Kan dökerek alınan bu topraklar” ifadesi, savaş ve mücadele ile elde edilen toprakların kutsallığı ve değerini vurgulayan bir milli ve duygusal söylemdir.
Bu topraklara sahip olmanın, sadece fiziki bir kazanım değil, aynı zamanda fedakârlık ve kahramanlık gerektirdiğini ifade eder.
Gelin görün ki bu söz bugünlerde anlamını yitirmiş durumda.
Çünkü son Annan planında bile şehit kanları ile sulanan bu topraklar müzakare konusuydu.Ve Rum tarafı plana evet demiş olsaydı kan dökerek alınan toprakların bir kısmı iade edilecekti.
Kıbrıs konusu nevi şahsına münhasır bir konu .Mal mülk toprak konusu ise kanaatimce başlıbaşına en önemli meselesi.
Neden önemli.Çünkü toprak devletin temel unsuru egemenlik ve bağımsızlığın simgesidir der kaynaklar.
Ve şimdi kan dökerek can vererek alınan bu topraklar masa başında elden gitmek üzere.
Rum tarafının 1974 den sonra kuzeyde eski Rum mülklerine yönelik başlatmış olduğu saldırı Louizidu ve Orams davaları ile inşaat sektöründe ve dolayısı ile ülkede uzunca bir süre tedirgilik yaratmıştı.
Fakat o davalar genellikle “tazminat / iade / yıkım” eksenli yürütülmüş, ceza‑cezai yaptırım yada tutuklama boyutu gündeme gelmemişti.Dolayısı ilede etkisi sınırlı kalmış birsüre sonra inşaatlar eskisinden daha büyük bir hızla kaldığı yerden devam etmişti.
Şimdi tutuklama ve hapse konma aşaması yürürlükte. Bu mekanizma ile
suçlu, güneye geçtiğinde tutuklanabilir yada AB üyesi başka bir ülkede bulunursa yakalanıp Kıbrıs Cumhuriyeti’ne iade edilebilir.
İş bu boyuta taşındığı içinde haliyle mülk alım- satım ve inşaat işleri KKTC de neredeyse durmuş durumda.Tabii bu yolla ekomiye giren parada.
Durum bu minvalde iken riskleri hesap edememek plan yapamamak ve kan döktük artık bizimdir denilen bu toprakları koruyamadığımızda işin bir başka boyutu.
Vatan topraklarının sadece top ve tüfekle korunamayacağının bunun için strateji ve akılda olması gerektiğine çok net şahitliğine tanık olduğumuz günlerden geçiyoruz.
Halbuki 1974 ‘den sonra yapılan mübadele anlaşmasına mülk konusunuda dahil etseydik bugün bunların hiçbirini konuşmuyor olacaktır.
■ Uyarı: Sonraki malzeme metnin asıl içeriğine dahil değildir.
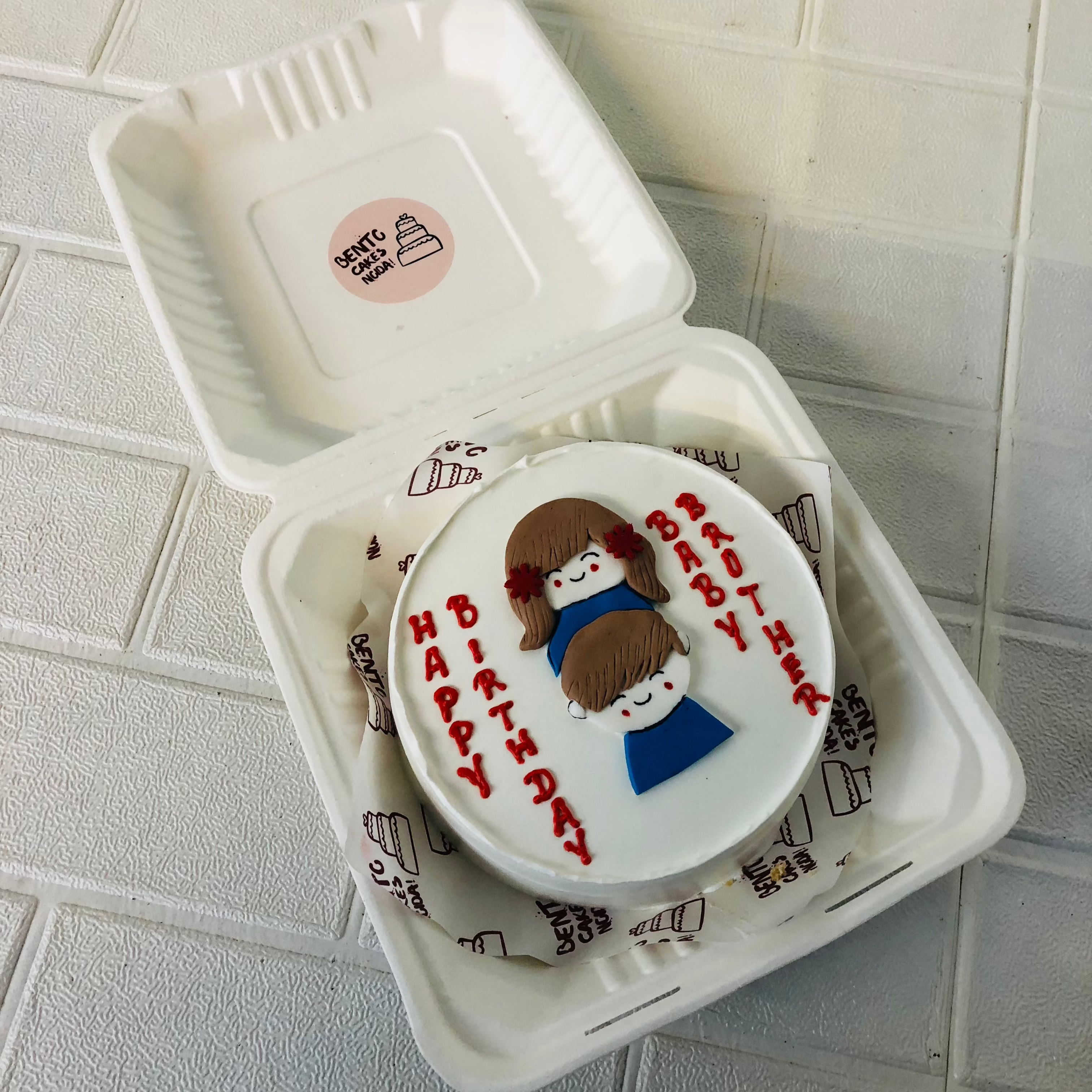 A white bento cake with fondant brother and sister's design.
Onuda geçtim hiçolmazsa Kıbrısın kuzeyinde mülk rejimi ile ilgili uluslararsı hukuka uygun adımlar atılsa idi bugün bu tutuklama ve korkuları yaşamayacaktık.
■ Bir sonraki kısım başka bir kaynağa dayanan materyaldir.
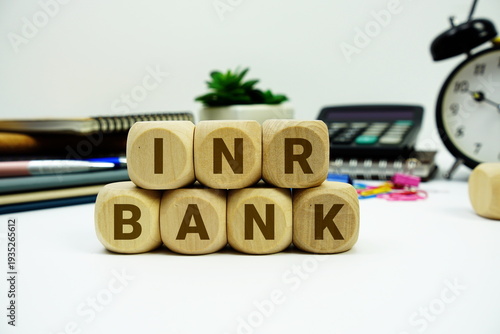 INR Bank alphabet letters with calculator and alarm clock on white background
Ne yazık bu kadar hassas bir konuyu dikkate alıp Kıbrısın kuzeyinde mal alım satımları ile ilgili bilgileri gerçek anlamda saklı tutup ve gizliliğini bile koruyamadık.
Devlet – politika – strateji – akıl.Bu dört kavram aslında bir ülkenin varlığını sürdürme ve çıkarlarını koruma sisteminin birbirine bağlı unsurlarıdır.
Ve çok üzgünüm ki bu konularda çuvalladık.
Devletine güvenen ve birikimi ile bu topraklar üzerine yatırım yapan devletinin kendisine verdiği bu toprakların koçanlarını elinde tutan vatandaş ise bugün bunun acı sonuçlarını yaşıyor ne yazık.
Çünkü devlet aklı şu an ortada yok.Herkes kendi kaderi ile başbaşa kalmış durumda.
Şu anda KKTC sınırları içerisinde eşdeğer veya tahsis koçana sahip arazi üzerinde 100 villa yapıp satanda 4 daire yapıp pazarlayanda 1 konutu olup onu satıp başka almak isteyende yada anne babasından kalan arsası üzerine inşaat yapan yada bu arsayı satıp borcunu ödemek isteyen hatta kiraya verende dahil Rum tarafında çıkartılan yasa ile Kıbrıs Cumhuriyeti açısından suçlu.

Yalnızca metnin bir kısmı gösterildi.